[Prompt]
A verbatim copy of the data is wanted, minus any picture in it.

┄┄┄┄┄┄

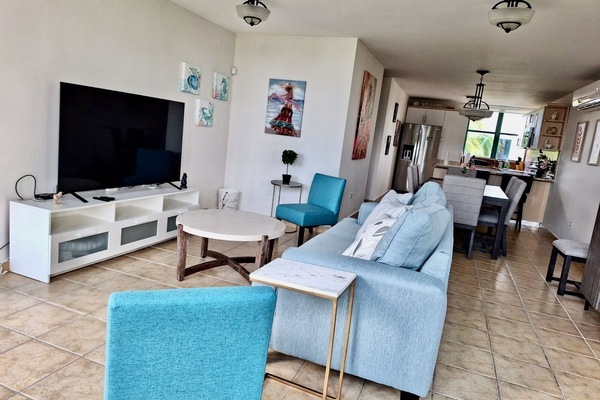 Large living room, sleep sofa and 65” 4K TV with dining room in the background.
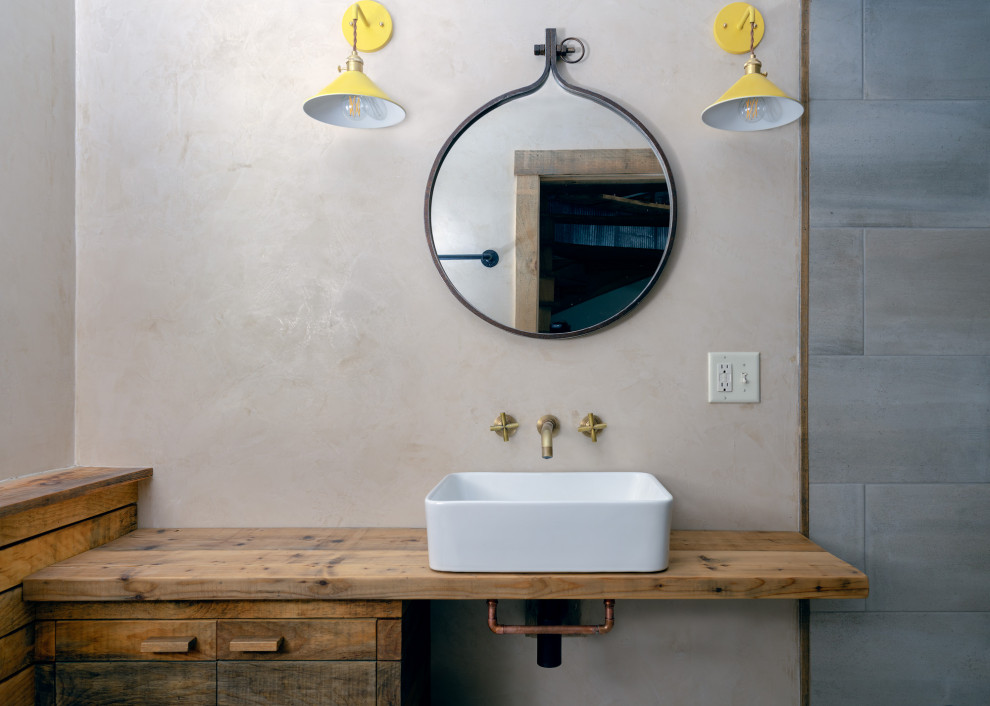Minimalistisk inredning av ett litet badrum med dusch, med skåp i slitet trä, våtrum, en toalettstol med separat cisternkåpa, grå kakel, keramikplattor, beige väggar, klinkergolv i keramik, ett fristående handfat, träbänkskiva, grått golv och med dusch som är öppen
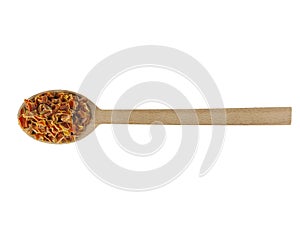 Dried carrot pieces on wooden spoon isolated on white background. Spices and food ingredients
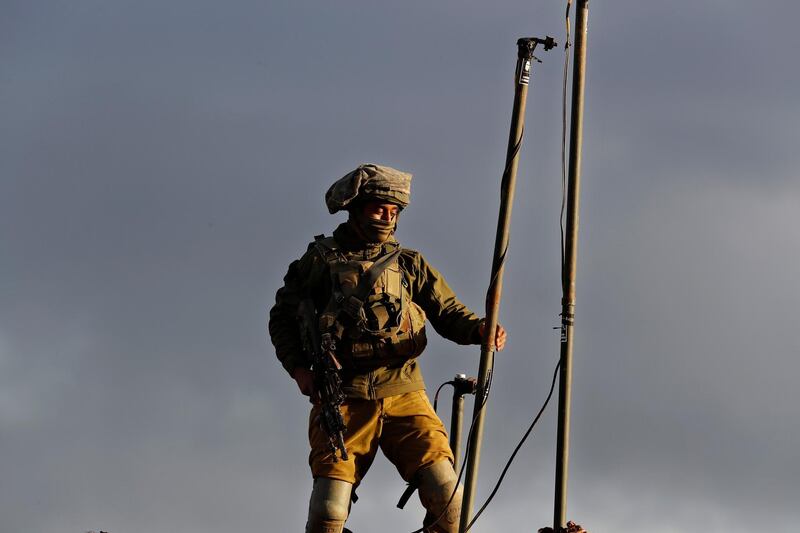 An Israeli soldier sets up a camera. AP Photo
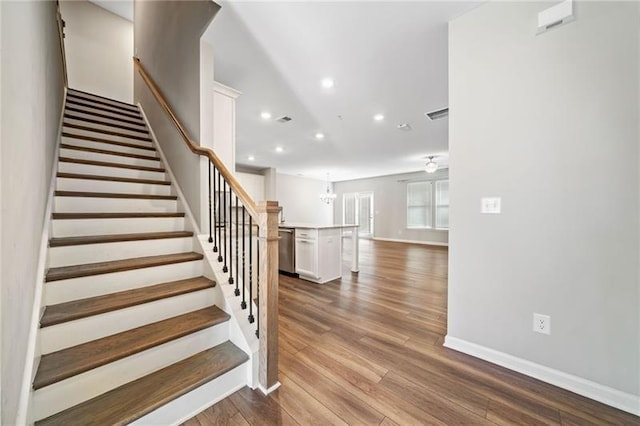 stairway with recessed lighting, wood finished floors, and baseboards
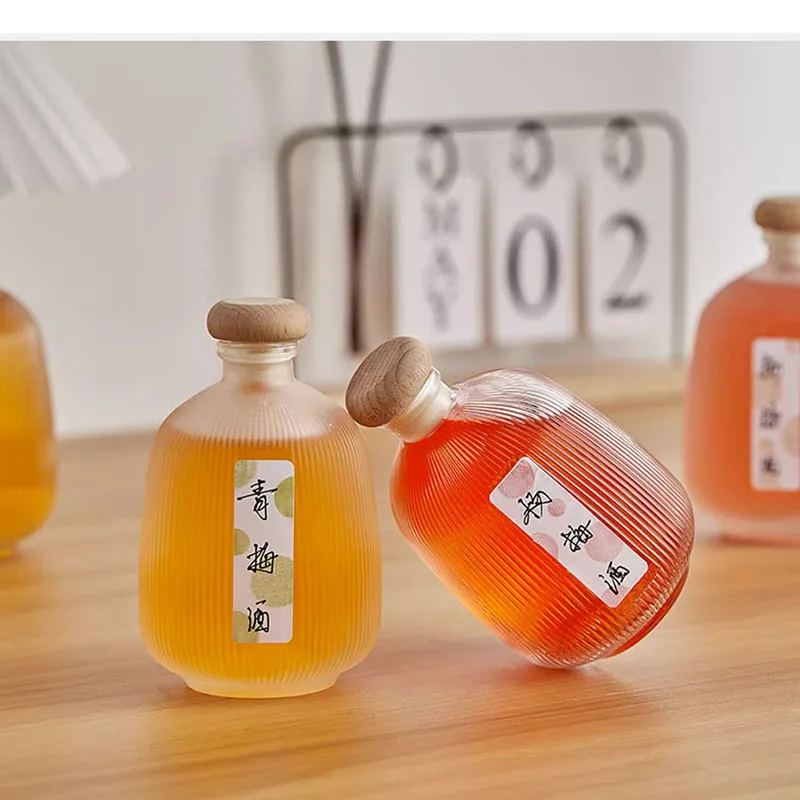 Hot sale empty cheaper transparent vertical stripe fruit wine peach blossom cherry green plum fruit wine glass bottle with cork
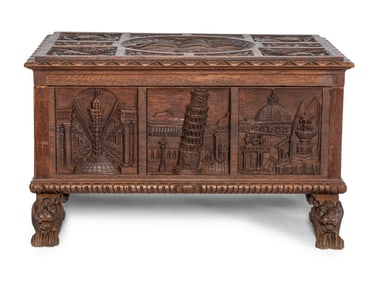 A Continental Carved Oak Lift-Top Trunk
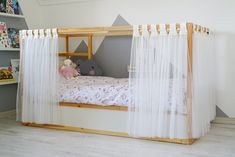 a child's bed with sheer curtains and a teddy bear on the bottom bunk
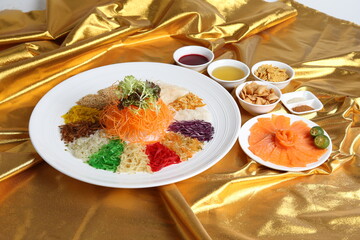 chinese new year colourful lo hei yu sheng with smoked salmon, vegetables and sauces in white gold background asian halal menu for cny festival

┄┄┄┄┄┄

[Problem solution]
 Large living room, sleep sofa and 65” 4K TV with dining room in the background.
Minimalistisk inredning av ett litet badrum med dusch, med skåp i slitet trä, våtrum, en toalettstol med separat cisternkåpa, grå kakel, keramikplattor, beige väggar, klinkergolv i keramik, ett fristående handfat, träbänkskiva, grått golv och med dusch som är öppen
 Dried carrot pieces on wooden spoon isolated on white background. Spices and food ingredients
 An Israeli soldier sets up a camera. AP Photo
 stairway with recessed lighting, wood finished floors, and baseboards
 Hot sale empty cheaper transparent vertical stripe fruit wine peach blossom cherry green plum fruit wine glass bottle with cork
 A Continental Carved Oak Lift-Top Trunk
 a child's bed with sheer curtains and a teddy bear on the bottom bunk
 chinese new year colourful lo hei yu sheng with smoked salmon, vegetables and sauces in white gold background asian halal menu for cny festival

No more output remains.